When my 4th grader did a unit on immigration, they covered many nationalities (she did Japan), but not Korea. I think it’s because the Korean immigration story is a fairly new one that began in earnest after the Korean War [think M.A.S.H.!]. And the Korean immigrants, more so than other Asian nationalities, have made it to the United States in pursuit of higher education, and thus, when they stayed, they were able to land squarely in the middle class.
Korean-American authors have unique stories to tell. Their collective memories of the old country are still fresh, as are their immigrant experience. And if you use food to tell the story of a culture as I do, Korean cuisine is the Next Big Thing. Or at least in New York City. My husband and I found it amusing when we visited NYC a few years ago that the big trend was upscale, fancy Korean restaurants. We lived near Korea Town in Los Angeles for many years so we equate good Korean food with small but clean “dives”.
In any case, ride the trend and enjoy these 10 Korean American children’s books with your children.
No Kimchi for Me by Aram Kim
Kimchi is too spicy for Yoomi so her brothers call her a baby and refuse to play with her. She wants to be able to eat kimchi like the big kids. With the help of her grandmother, she figures out a way. This Korean-themed picture book is cleverly told through cats to widen the audience. [picture book, ages 4 and up]
Hazel and Twig: The Birthday Fortune by Brenna Burns Yu
Doljabi is a Korean tradition of celebrating a baby’s first birthday with a ceremony that predicts the future career path. Different symbolic objects are placed on a tray which the baby chooses from. A lute means a career as a musician. A length of yarn indicates a long life. There is also special food served for good luck. Twig ends up surprising everyone with an unexpected addition to the dojabi. This is another picture book that uses animals around a Korean-themed story. [picture book, ages 4 and up]
The Royal Bee by Frances and Ginger Park, illustrated by Christopher Zhong-Yuan Zhang
Over a century ago, only wealthy children were able to attend school and compete in the Royal Bee at the Governor’s palace. They would go on to become scholars and noblemen like their parents before them. Song-ho wanted to learn to read and write too, but his single mother could barely provide food for their table. He asked the teacher at the local school if he could attend, but was turned down. Undeterred, he listened and learned with an ear to the window of the school until one day, he was allowed inside. Song-ho would go on to compete at the Royal Bee and if he wins, it would change his life and his mother’s forever. This is the true story of the authors’ grandfather. [picture book, ages 5 and up]
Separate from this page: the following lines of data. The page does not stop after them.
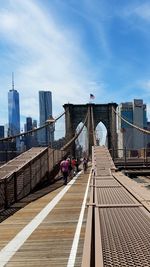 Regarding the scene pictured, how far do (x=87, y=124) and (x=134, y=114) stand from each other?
241 ft

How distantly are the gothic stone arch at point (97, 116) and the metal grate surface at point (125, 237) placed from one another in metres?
76.2

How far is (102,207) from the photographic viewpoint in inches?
396

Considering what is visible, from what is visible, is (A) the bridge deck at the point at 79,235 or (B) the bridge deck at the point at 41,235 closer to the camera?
(A) the bridge deck at the point at 79,235

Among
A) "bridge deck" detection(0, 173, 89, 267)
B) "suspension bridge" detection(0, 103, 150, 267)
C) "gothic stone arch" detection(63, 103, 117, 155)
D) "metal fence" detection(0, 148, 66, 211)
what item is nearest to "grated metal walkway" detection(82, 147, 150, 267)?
"suspension bridge" detection(0, 103, 150, 267)

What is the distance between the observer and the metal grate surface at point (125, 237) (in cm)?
547

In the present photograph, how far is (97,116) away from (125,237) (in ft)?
268

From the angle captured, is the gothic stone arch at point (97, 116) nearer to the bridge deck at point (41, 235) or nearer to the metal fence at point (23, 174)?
the metal fence at point (23, 174)

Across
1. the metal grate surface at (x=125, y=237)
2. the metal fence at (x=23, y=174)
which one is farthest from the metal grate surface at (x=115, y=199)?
the metal fence at (x=23, y=174)

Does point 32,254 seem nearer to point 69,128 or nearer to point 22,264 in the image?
point 22,264

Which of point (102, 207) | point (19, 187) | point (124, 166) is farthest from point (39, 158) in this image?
point (124, 166)

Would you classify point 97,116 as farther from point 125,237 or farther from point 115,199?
point 125,237

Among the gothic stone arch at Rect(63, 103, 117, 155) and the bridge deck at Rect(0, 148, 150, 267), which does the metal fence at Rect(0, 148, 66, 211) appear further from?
the gothic stone arch at Rect(63, 103, 117, 155)

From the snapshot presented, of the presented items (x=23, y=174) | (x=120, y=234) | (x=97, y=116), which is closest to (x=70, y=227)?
(x=120, y=234)

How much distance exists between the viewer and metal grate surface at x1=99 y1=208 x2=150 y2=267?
5469mm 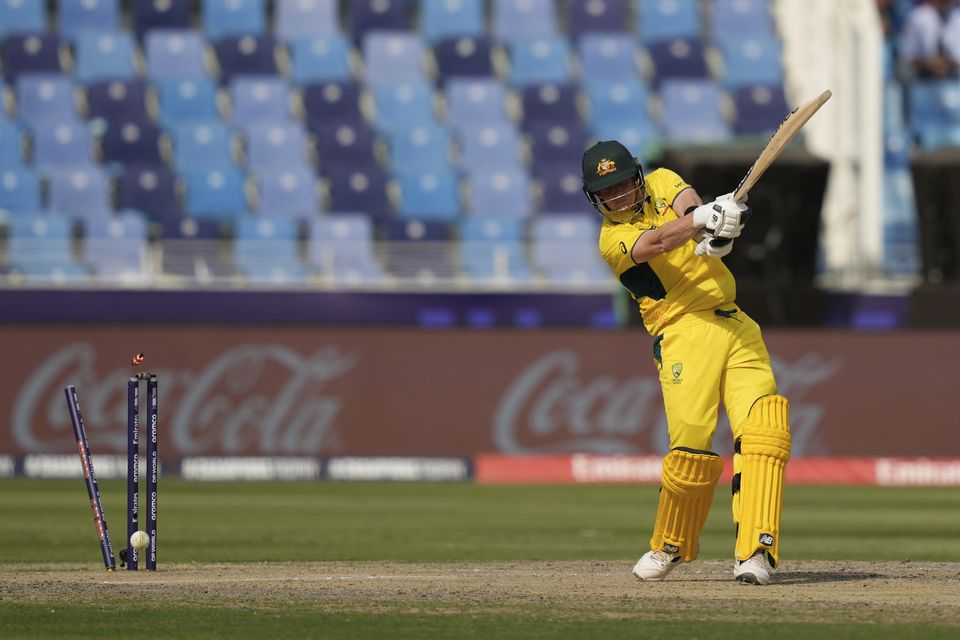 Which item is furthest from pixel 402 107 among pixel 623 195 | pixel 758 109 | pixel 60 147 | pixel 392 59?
pixel 623 195

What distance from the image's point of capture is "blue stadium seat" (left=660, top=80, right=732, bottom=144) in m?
23.2

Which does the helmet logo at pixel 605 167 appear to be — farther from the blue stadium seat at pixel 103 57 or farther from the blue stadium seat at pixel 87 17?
the blue stadium seat at pixel 87 17

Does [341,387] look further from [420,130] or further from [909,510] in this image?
[909,510]

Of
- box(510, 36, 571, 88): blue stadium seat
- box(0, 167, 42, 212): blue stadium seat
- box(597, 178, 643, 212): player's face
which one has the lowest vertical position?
box(597, 178, 643, 212): player's face

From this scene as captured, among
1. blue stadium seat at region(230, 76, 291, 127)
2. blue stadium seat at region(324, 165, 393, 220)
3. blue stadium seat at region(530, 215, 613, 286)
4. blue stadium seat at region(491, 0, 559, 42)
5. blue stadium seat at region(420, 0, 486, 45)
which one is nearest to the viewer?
blue stadium seat at region(530, 215, 613, 286)

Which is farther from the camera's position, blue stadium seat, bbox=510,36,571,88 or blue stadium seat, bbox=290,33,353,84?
blue stadium seat, bbox=510,36,571,88

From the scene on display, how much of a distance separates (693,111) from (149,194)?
24.2 feet

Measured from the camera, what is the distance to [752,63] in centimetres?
2433

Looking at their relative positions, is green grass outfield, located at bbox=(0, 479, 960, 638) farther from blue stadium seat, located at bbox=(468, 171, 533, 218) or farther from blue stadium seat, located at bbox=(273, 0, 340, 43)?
blue stadium seat, located at bbox=(273, 0, 340, 43)

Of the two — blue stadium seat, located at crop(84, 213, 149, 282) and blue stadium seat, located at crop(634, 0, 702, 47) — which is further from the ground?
blue stadium seat, located at crop(634, 0, 702, 47)

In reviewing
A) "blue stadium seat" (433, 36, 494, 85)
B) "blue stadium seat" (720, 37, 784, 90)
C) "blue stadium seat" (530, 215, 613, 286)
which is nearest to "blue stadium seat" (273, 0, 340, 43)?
"blue stadium seat" (433, 36, 494, 85)

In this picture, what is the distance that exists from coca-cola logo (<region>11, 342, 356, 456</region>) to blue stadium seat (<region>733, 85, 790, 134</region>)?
7511 millimetres

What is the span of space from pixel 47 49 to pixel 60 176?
8.91ft

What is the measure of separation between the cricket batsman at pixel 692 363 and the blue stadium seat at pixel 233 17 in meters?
17.0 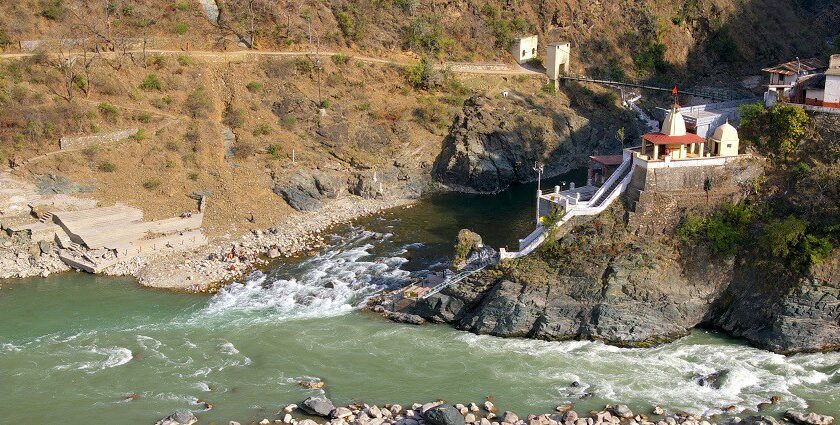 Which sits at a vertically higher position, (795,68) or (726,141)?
(795,68)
My Freedom Trip: A Child’s Escape from North Korea by Frances and Ginger Park, illustrated by Debra Reid Jenkins
Soldiers have invaded Korea, and a young Korean girl and her family will try to make their escape. Because it’s so dangerous, only one person can go at a time with a guide. Her father goes first. Now, it’s her turn. At the final crossing point, there’s danger but also the promise of seeing her father. At the 38th parallel prior to the start of the Korean War, this is the true but bittersweet story of the authors’ mother. [picture book, ages 7 and up]
I found this chapter book at Stacking Books who says, “A beautiful Korean historical fiction! A tale of daughter’s love, her determination to reunite with her mother. Art, culture, history and a beautifully illustrated tale!”
Melissa Hahn says, “I would add to it Cooper’s Lesson by Sun Yung Shin. I was impressed by the way that it explored the mixed feelings that bicultural Korean Americans have toward the Korean language (in this case, not being able to speak it and feeling ashamed).
Krista Kim-Bap by Angela Ahn
I discovered this book through Children’s Books Heal:
Angela Ahn has written a sweetly satisfying coming of age novel about an 11-year-old girl, who is a third-generation Korean-Canadian trying to fit in at school. The author creates a nice balance between cultural traditions, differences, family relationships and friendships.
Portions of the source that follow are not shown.